Last summer, we informed about the forming of a new band with Mike Portnoy on the drums – Sons Of Apollo. A few months later, the group’s debut album titled “Psychotic Symphony” was released and it has recently found its way to our office.
For most prog metal fans, the supergroup’s mere line-up will surely serve as a recommendation. Along with the prominent drummer, it is comprised of: Billy Sheehan (Mr. Big, Steve Vai, David Lee Roth, The Winery Dogs), Derek Sherinian (Dream Theater, Black Country Communion, Planet X, Billy Idol, Alice Cooper), Ron “Bumblefoot” Thal (Art Of Anarchy, Guns N’ Roses) and Jeff Scott Soto (Yngvie Malmsteen’s Rising Force, Journey, Talisman, Axel Rudi Pell, Trans-Siberian Orchestra).

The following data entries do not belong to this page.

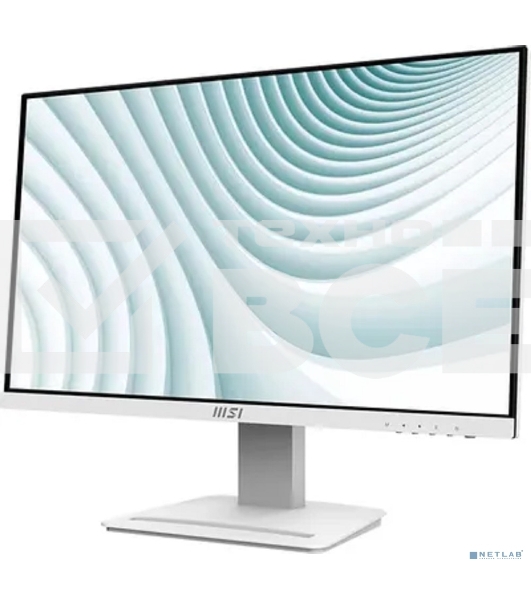 Монитор 23.8' MSI Pro MP243XW IPS 1920x1080, 100 Гц, 4 мс, 16:9, 300 кд/м², HDMI 1.4, DP 1.2a, 3.5 мм, динамики (2x3 Вт), белый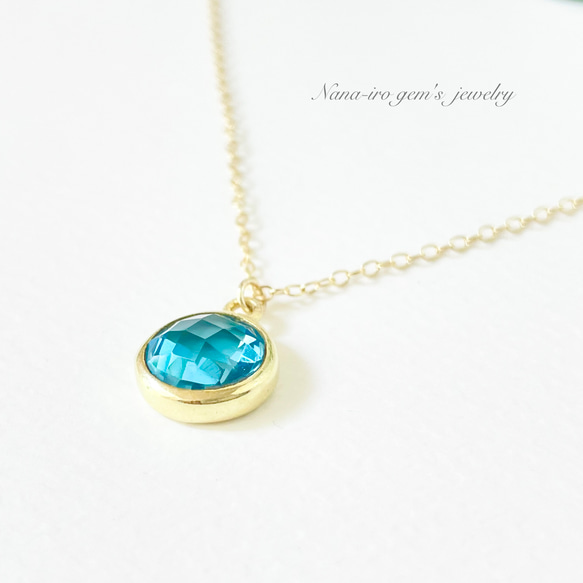 ＊1点のみ＊14kgf swissblue topaz necklace 10枚目の画像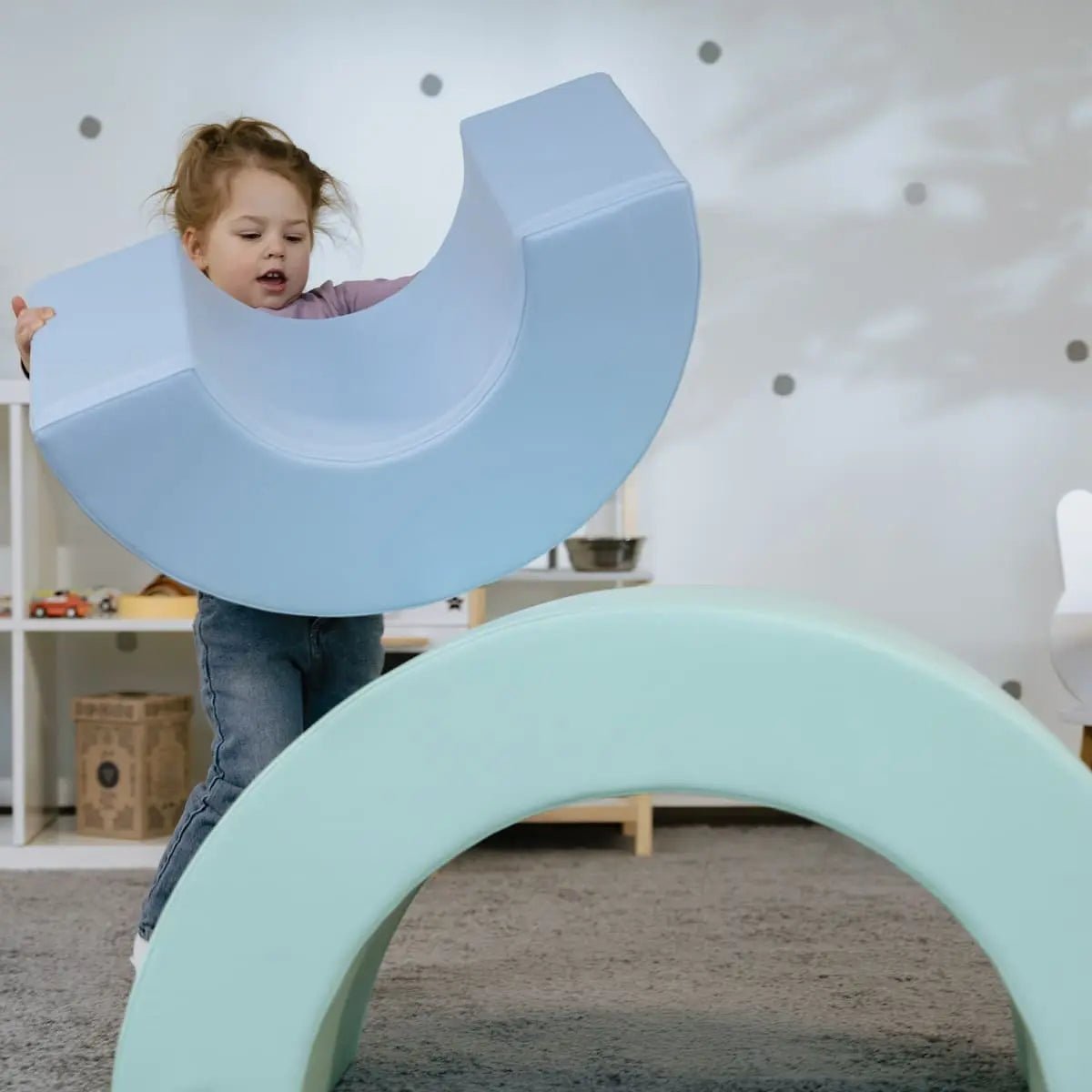 Montessori mīksto rotaļu komplekts - Varavīksne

In all honesty, all these names really are enough to know what the listener is going to get on this album, i. e. lengthy, complex and epic songs, odd time signatures, masterly parts from all the instrumentalists as well as the singer’s crystal clear, powerful, heavy metal voice. There is no need to quote any track titles to support that statement because the album can be characterized in this way as a whole. There are some exceptions: Bumblefoot’s solo on “Alive” (closer to fusion in style), the riffs on “Lost In Oblivion” and “Signs Of The Time” (taking a turn towards math metal) or “Figaro’s Whore” (which, because of the keyboard part and the general character of the main riff, can easily be regarded as a tribute to Deep Purple and the late John Lord in particular). Apart from the latter song, I dare say the album is a dream come true for all classic Dream Theater fans as Mike Portnoy‘s former band mates don’t play or sound that way anymore.

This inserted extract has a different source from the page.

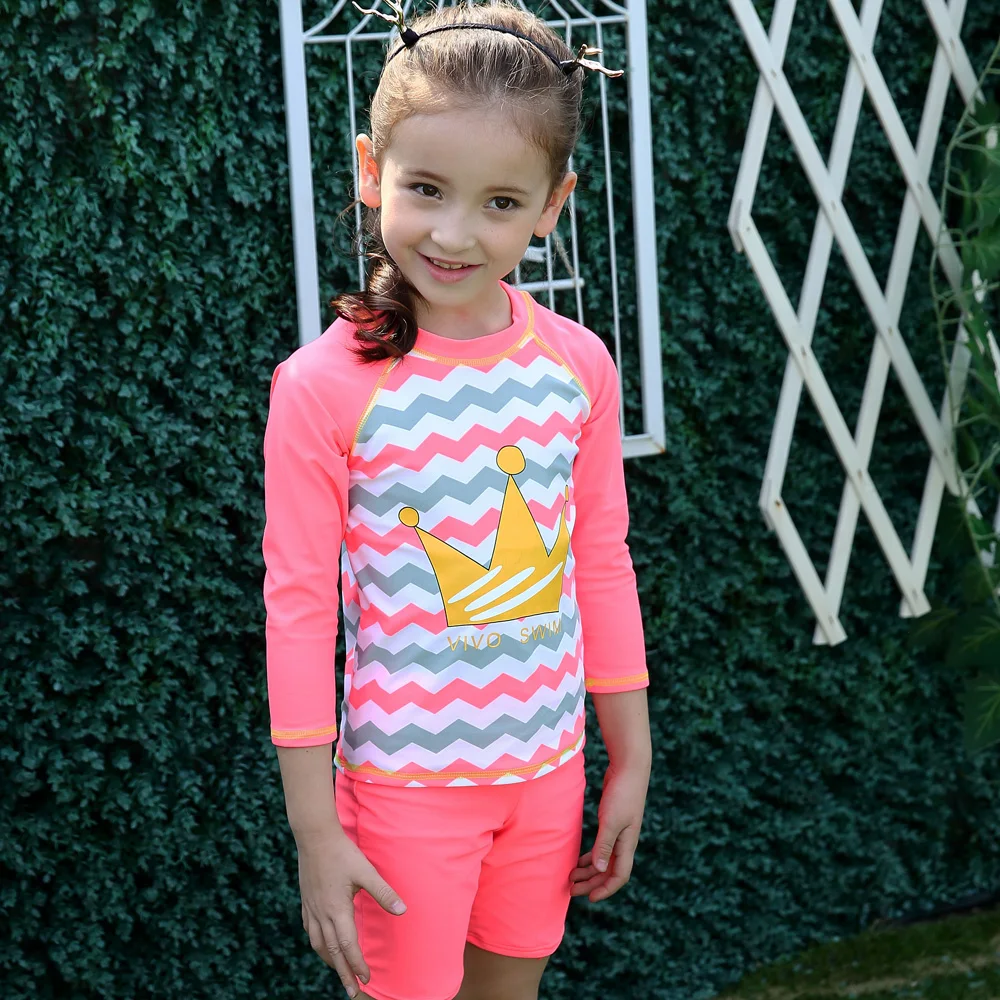 Купальный костюм для мальчиков и девочек UPF 50 + комплект с защитой от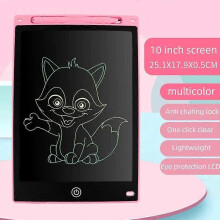 (10inch pink multi) 8,5 10 12 inch LCD-schrijftablet, tekenbord, digitaal grafisch pad voor kinderen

Is that an upside for everyone else? I don’t know myself. It certainly is for all those who miss their prog metal idols continuing the path of “Falling Into Infinity” or “Scenes From A Memory“. I, however, appreciating all the virtuosity of the musicians and taking a deep bow in the wake of Mike Portnoy‘s artistry (who serves us all his characteristic and magnificently executed licks such as insane drum fills, rocking out on octabans, twin bass drum work, etc.), when feeling nostalgic about 90s prog metal, shall revisit Liquid Tension Experiment albums. By no means does it mean this is a bad record. On the contrary – it is brilliant in its genre, the fans of which have already praised it on the Internet. It is worth a listen and, if you happen to be a prog metal maniac, it’s a must-hear.